If an entry holds a picture, skip the picture but copy everything else exactly.

(Record set)

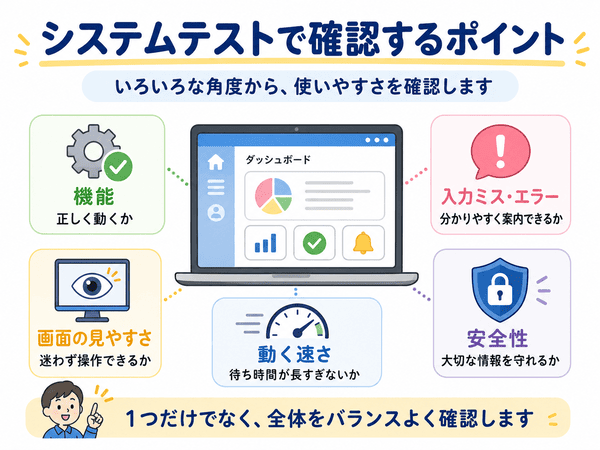 システムテストで確認する機能・エラー・画面・速さ・安全性の図
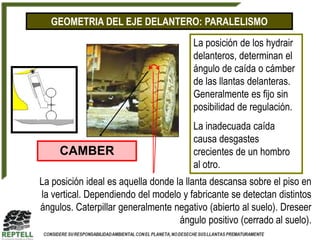 GEOMETRIA DEL EJE DELANTERO: PARALELISMO
                                        La posición de los hydrair
                                        delanteros, determinan el
                                        ángulo de caída o cámber
                                        de las llantas delanteras.
                                        Generalmente es fijo sin
                                        posibilidad de regulación.
                                        La inadecuada caída
                                        causa desgastes
     CAMBER                             crecientes de un hombro
                                        al otro.
La posición ideal es aquella donde la llanta descansa sobre el piso en
la vertical. Dependiendo del modelo y fabricante se detectan distintos
ángulos. Caterpillar generalmente negativo (abierto al suelo). Dreseer
                                    ángulo positivo (cerrado al suelo).
 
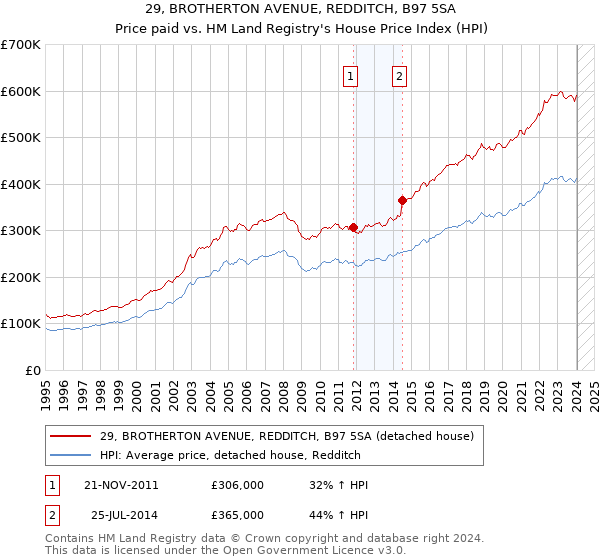 29, BROTHERTON AVENUE, REDDITCH, B97 5SA: Price paid vs HM Land Registry's House Price Index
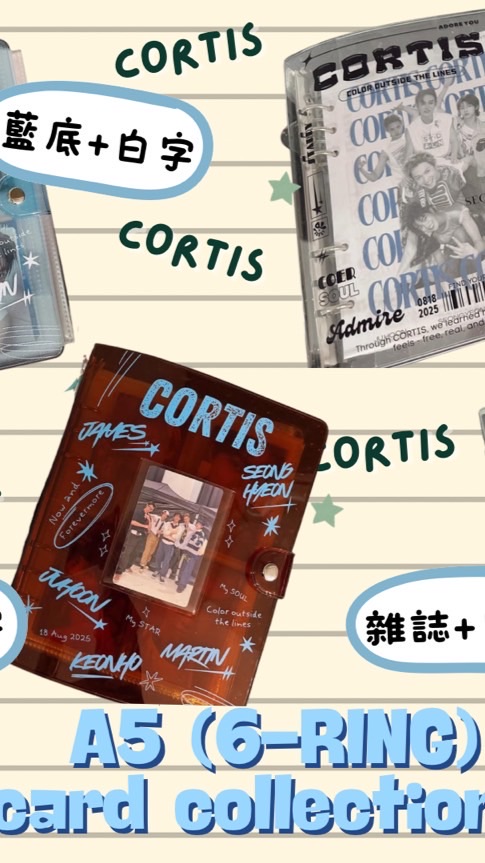 Cortis A5-6孔卡冊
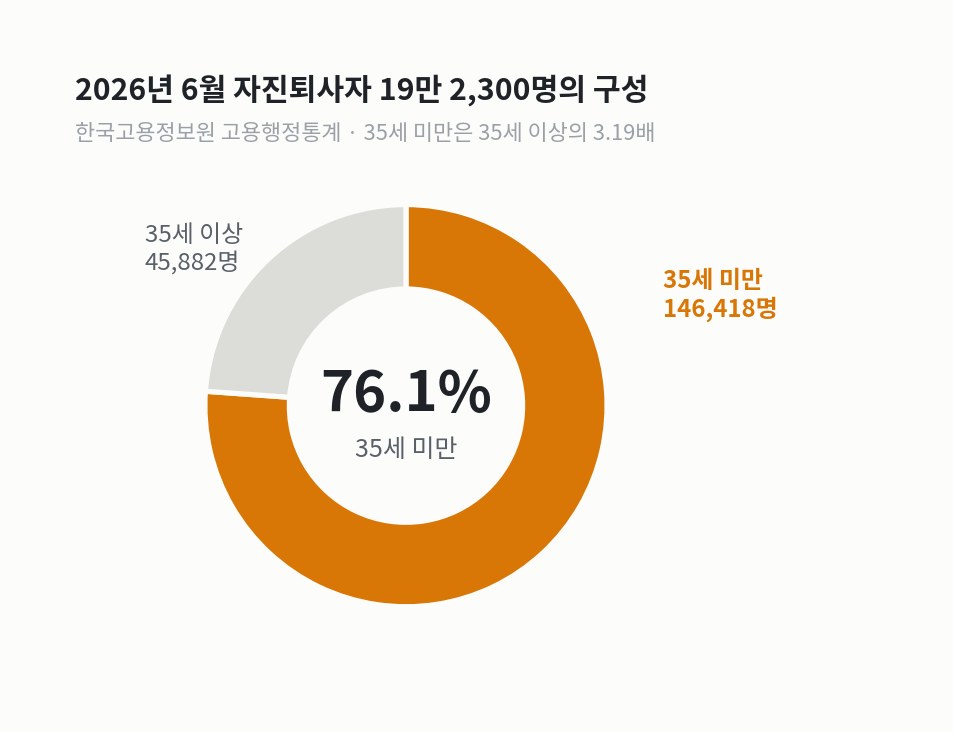 2026년 6월 자진퇴사자 19만 2,300명 중 35세 미만 14만 6,418명의 비중 76.1%를 나타낸 원그래프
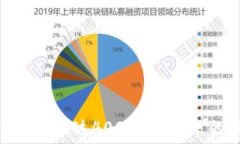   美国加密货币市场规模达400万亿：未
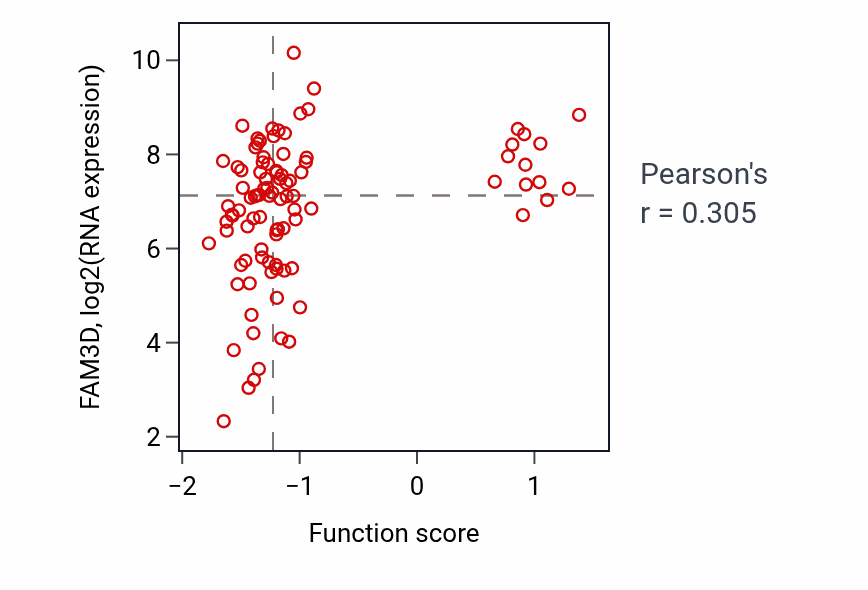 Per-sample scatter of Sodium ion import across plasma membrane activity vs FAM3D in COAD.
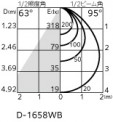 ODELIC ǥå 饤 OD361048R ̿4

(End Record set)

### Answer to the exercise
 システムテストで確認する機能・エラー・画面・速さ・安全性の図
 GEOMETRIA DEL EJE DELANTERO: PARALELISMO
                                        La posición de los hydrair
                                        delanteros, determinan el
                                        ángulo de caída o cámber
                                        de las llantas delanteras.
                                        Generalmente es fijo sin
                                        posibilidad de regulación.
                                        La inadecuada caída
                                        causa desgastes
     CAMBER                             crecientes de un hombro
                                        al otro.
La posición ideal es aquella donde la llanta descansa sobre el piso en
la vertical. Dependiendo del modelo y fabricante se detectan distintos
ángulos. Caterpillar generalmente negativo (abierto al suelo). Dreseer
                                    ángulo positivo (cerrado al suelo).
 
 29, BROTHERTON AVENUE, REDDITCH, B97 5SA: Price paid vs HM Land Registry's House Price Index
 Cortis A5-6孔卡冊
 2026년 6월 자진퇴사자 19만 2,300명 중 35세 미만 14만 6,418명의 비중 76.1%를 나타낸 원그래프
   美国加密货币市场规模达400万亿：未
 Per-sample scatter of Sodium ion import across plasma membrane activity vs FAM3D in COAD.
 ODELIC ǥå 饤 OD361048R ̿4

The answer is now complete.